However I don't understand why this is not a problem on a single core machine, with those two threads running on the same core (through preemption). According to Wikipedia:
When a program runs on a single-CPU machine, the hardware performs the necessary bookkeeping to ensure that the program executes as if all memory operations were performed in the order specified by the programmer (program order), so memory barriers are not necessary.
As far as I know single-core CPUs too reorder memory accesses (if their memory model is weak), so what makes sure the program order is preserved?
The CPU would not be aware that these are two threads. Threads are a software construct (1).
So the CPU sees these instructions, in this order:
store x = 42
store f = 1
test f == 0
jump if true ; not taken
load x
If the CPU were to re-order the store of x to the end, after the load, it would change the results. While the CPU is allowed out of order execution, it only does this when it doesn't change the result. If it was allowed to do that, virtually every sequence of instructions would possibly fail. It would be impossible to produce a working program.
In this case, a single CPU is not allowed to re-order a store past a load of the same address. At least, as far the CPU can see it is not re-ordered. As far the as the L1, L2, L3 cache and main memory (and other CPUs!) are concerned, maybe the store has not been committed yet.
(1) Something like HyperThreads, two threads per core, common in modern CPUs, wouldn't count as "single-CPU" w.r.t. your question.
The CPU doesn't know or care about "context switches" or software threads. All it sees is some store and load instructions. (e.g. in the OS's context-switch code where it saves the old register state and loads the new register state)
The cardinal rule of out-of-order execution is that it must not break a single instruction stream. Code must run as if every instruction executed in program order, and all its side-effects finished before the next instruction starts.

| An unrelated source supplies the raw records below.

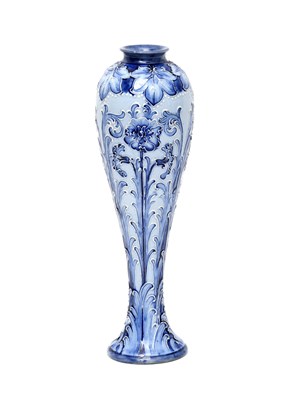 Lot 662 - A James Macintyre & Co Florian Ware vase...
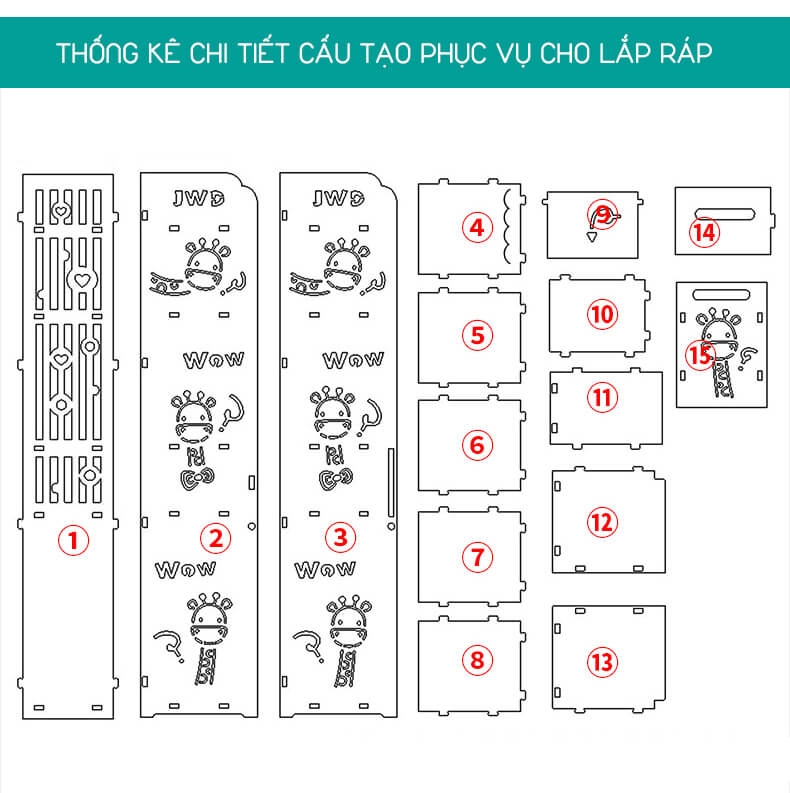 Kệ Nhà Tắm Kệ Đa Năng Chống Nước Thương Hiệu IGEA 5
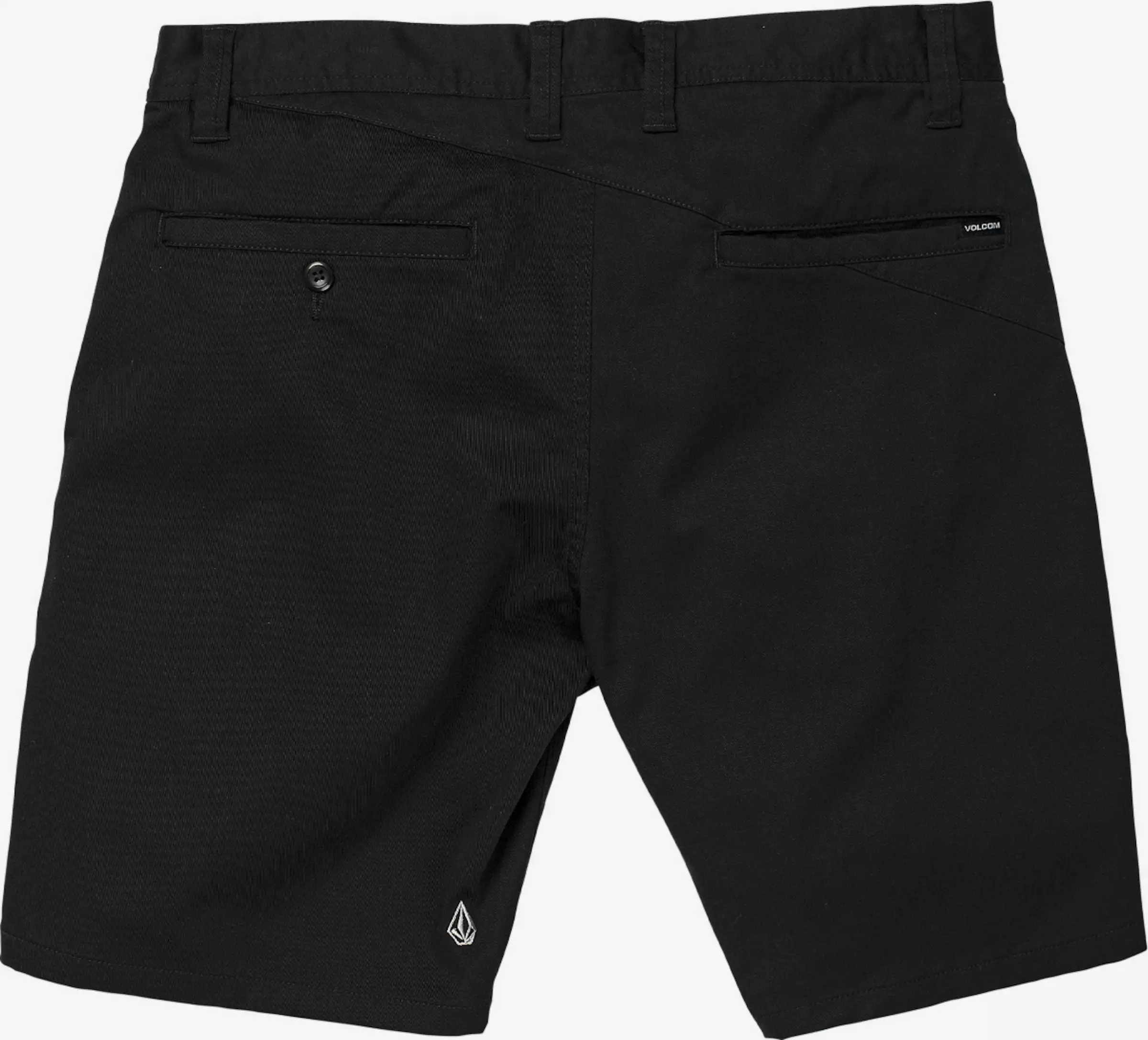 Volcom Shorts Chino Regular Pantalon Chino Frickin Homme Noir 4 Volcom Shorts Chino Regular Pantalon Chino Frickin Homme Noir – Image 2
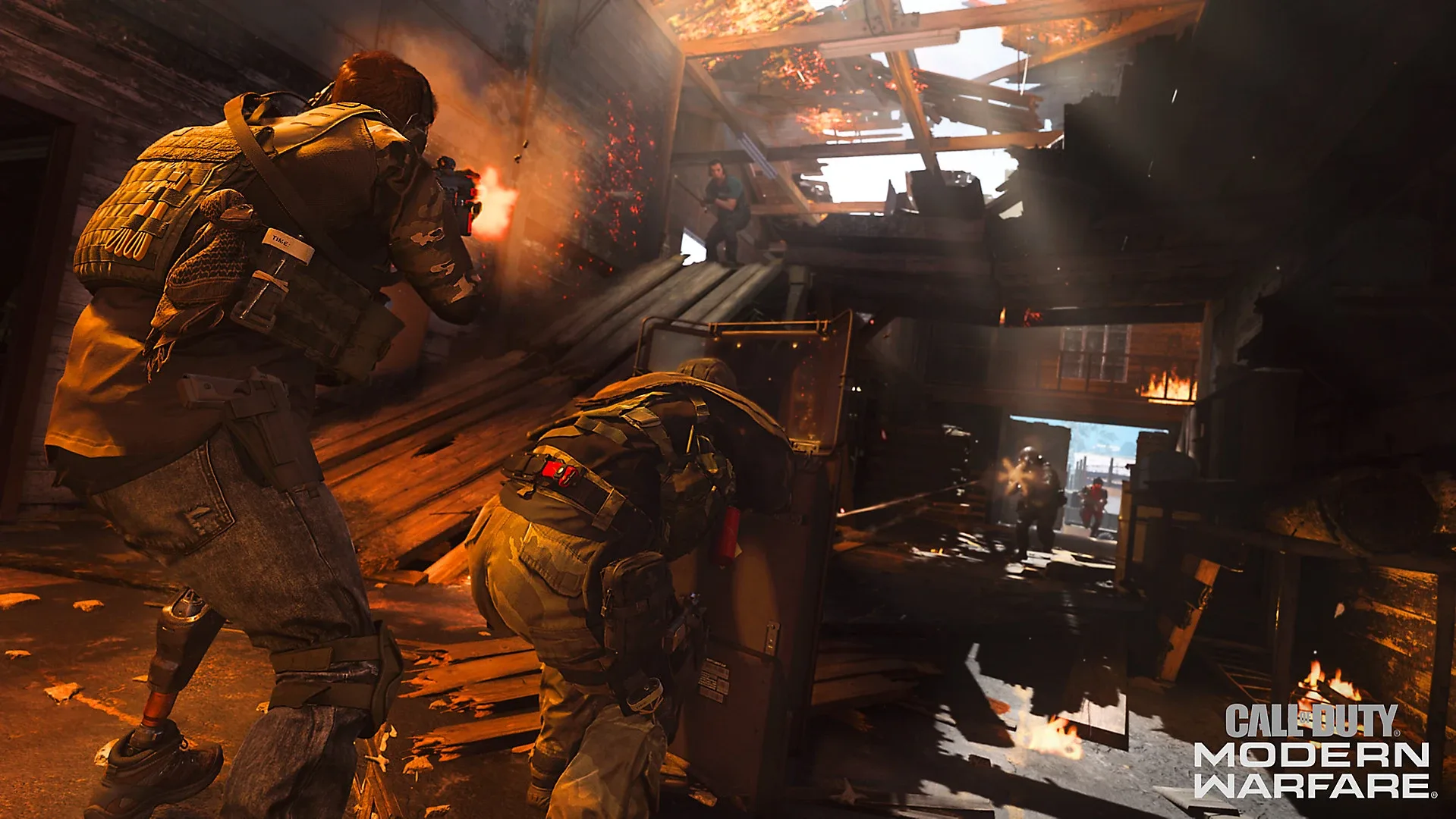 Captura de pantalla - Call of Duty: Modern Warfare - Season Three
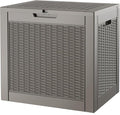 Outdoor Storage Waterproof Deck Box by Unknown
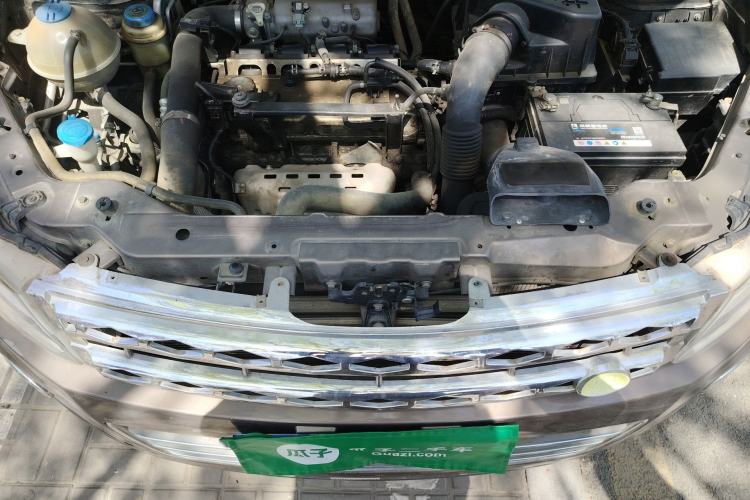 Used Zotye T600 2015 2.0T DCT Prestige Edition Engine Bay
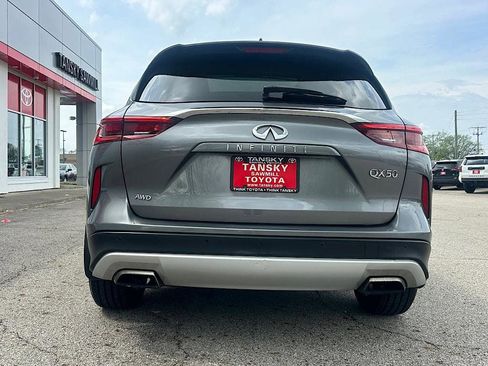Used 2021 INFINITI QX50 Essential w/ Convenience Package AWD/4WD image 4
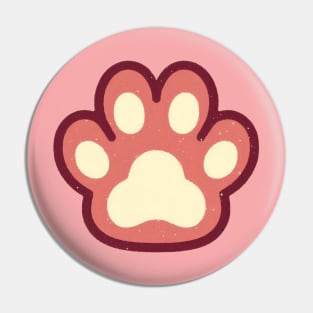 Cat Paw Pin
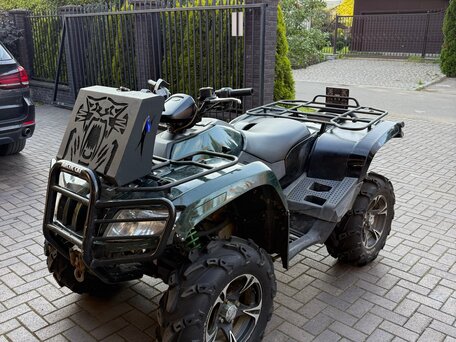 2013 Arctic Cat 1000 Series, зелёный, 570000 рублей, вид 1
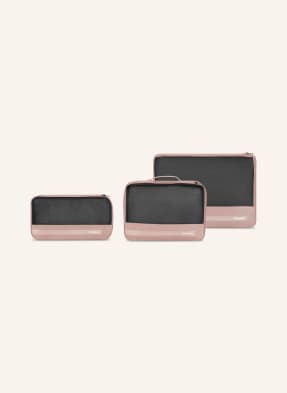 Samsonite 3er-Set Packhilfe rosa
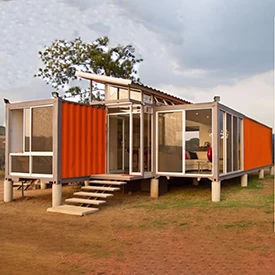 Vendita calda di piani di casa mobile modulare della casa prefabbricata 3 camere da letto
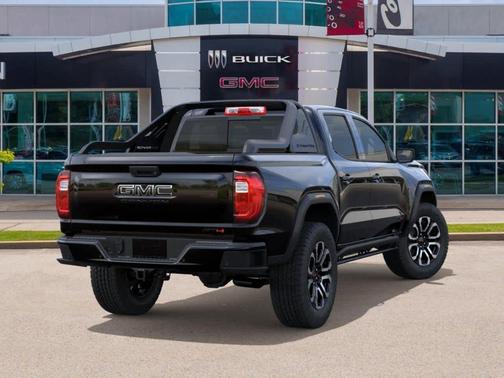 Black 2026 GMC Canyon AT4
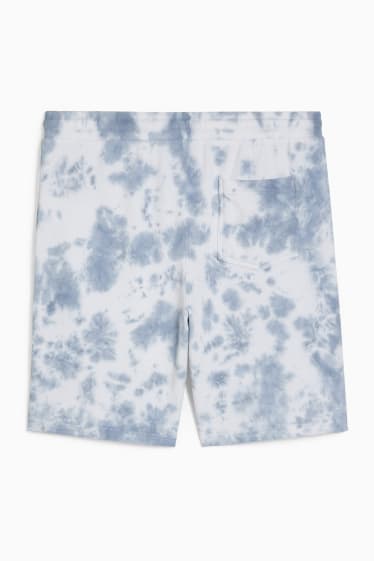 Herren - Sweatshorts - hellblau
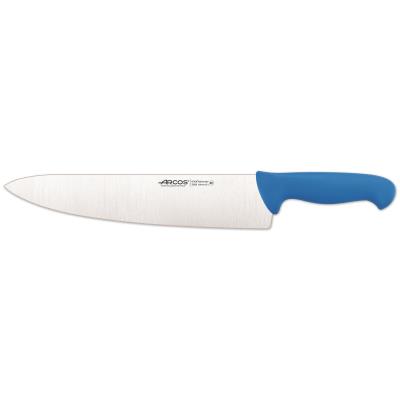 Cuchillo De Cocinero Arcos Colour - Prof 290923 De Acero Inoxidable Y Mango Ergonómico - Azul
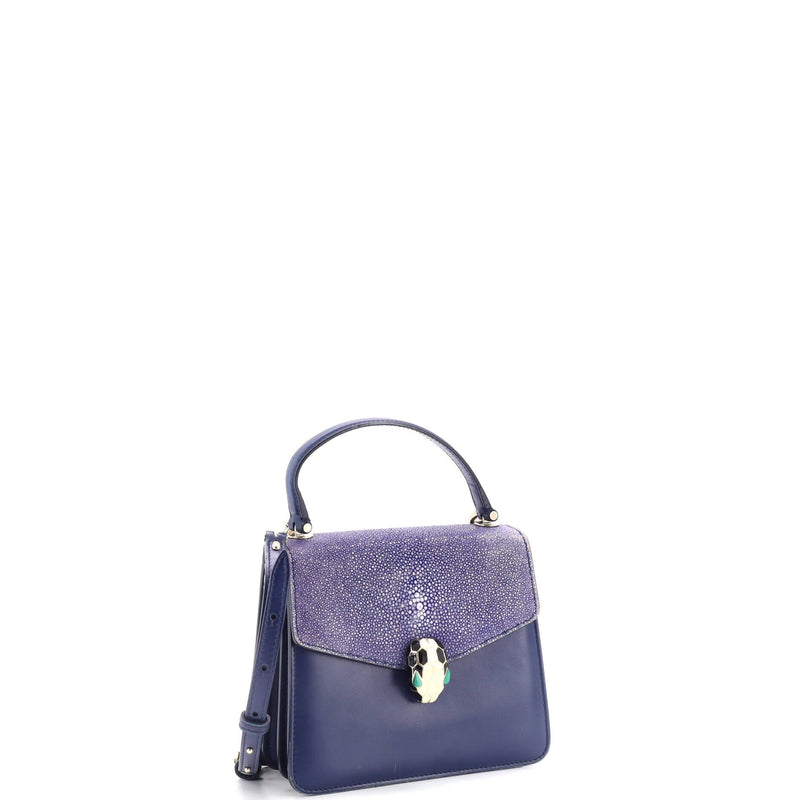 Bvlgari Serpenti Forever Top Handle Bag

This includes software context-switching between threads on a single core. e.g. a single-core machine or green-threads within on process.
(Usually we state this rule as not breaking single-threaded code, with the understanding of what exactly that means; weirdness can only happen when an SMP system loads from memory locations stored by other cores).
As far as I know single-core CPUs too reorder memory accesses (if their memory model is weak)
But remember, other threads aren't observing memory directly with a logic analyzer, they're just running load instructions on that same CPU core that's doing and tracking the reordering.
If you're writing a device driver, yes you might have to actually use a memory barrier after a store to make sure it's actually visible to off-chip hardware before doing a load from another MMIO location.
Or when interacting with DMA, making sure data is actually in memory, not in CPU-private write-back cache, can be a problem. Also, MMIO is usually done in uncacheable memory regions that imply strong memory ordering. (x86 has cache-coherent DMA so you don't have to actually flush back to DRAM, only make sure its globally visible with an instruction like x86 mfence that waits for the store buffer to drain. But some non-x86 OSes that had cache-control instructions designed in from the start do requires OSes to be aware of it. i.e. to make sure cache is invalidated before reading in new contents from disk, and to make sure it's at least written back to somewhere DMA can read from before asking a device to read from a page.)
And BTW, even x86's "strong" memory model is only acq/rel, not seq_cst (except for RMW operations which are full barriers). (Or more specifically, a store buffer with store forwarding on top of sequential consistency). Stores can be delayed until after later loads. (StoreLoad reordering). See https://preshing.com/20120930/weak-vs-strong-memory-models/
so what makes sure the program order is preserved?
Hardware dependency tracking; loads snoop the store buffer to look for loads from locations that have recently been stored to. This makes sure loads take data from the last program-order write to any given memory location1.
Without this, code like
x = 1;
int tmp = x;
might load a stale value for x. That would be insane and unusable (and kill performance) if you had to put memory barriers after every store for your own reloads to reliably see the stored values.
We need all instructions running on a single core to give the illusion of running in program order, according to the ISA rules. Only DMA or other CPU cores can observe reordering.
Footnote 1: If the address for older stores isn't available yet, a CPU may even speculate that it will be to a different address and load from cache instead of waiting for the store-data part of the store instruction to execute. If it guessed wrong, it will have to roll back to a known good state, just like with branch misprediction.
This is called "memory disambiguation". See also Store-to-Load Forwarding and Memory Disambiguation in x86 Processors for a technical look at it, including cases of narrow reload from part of a wider store, including unaligned and maybe spanning a cache-line boundary...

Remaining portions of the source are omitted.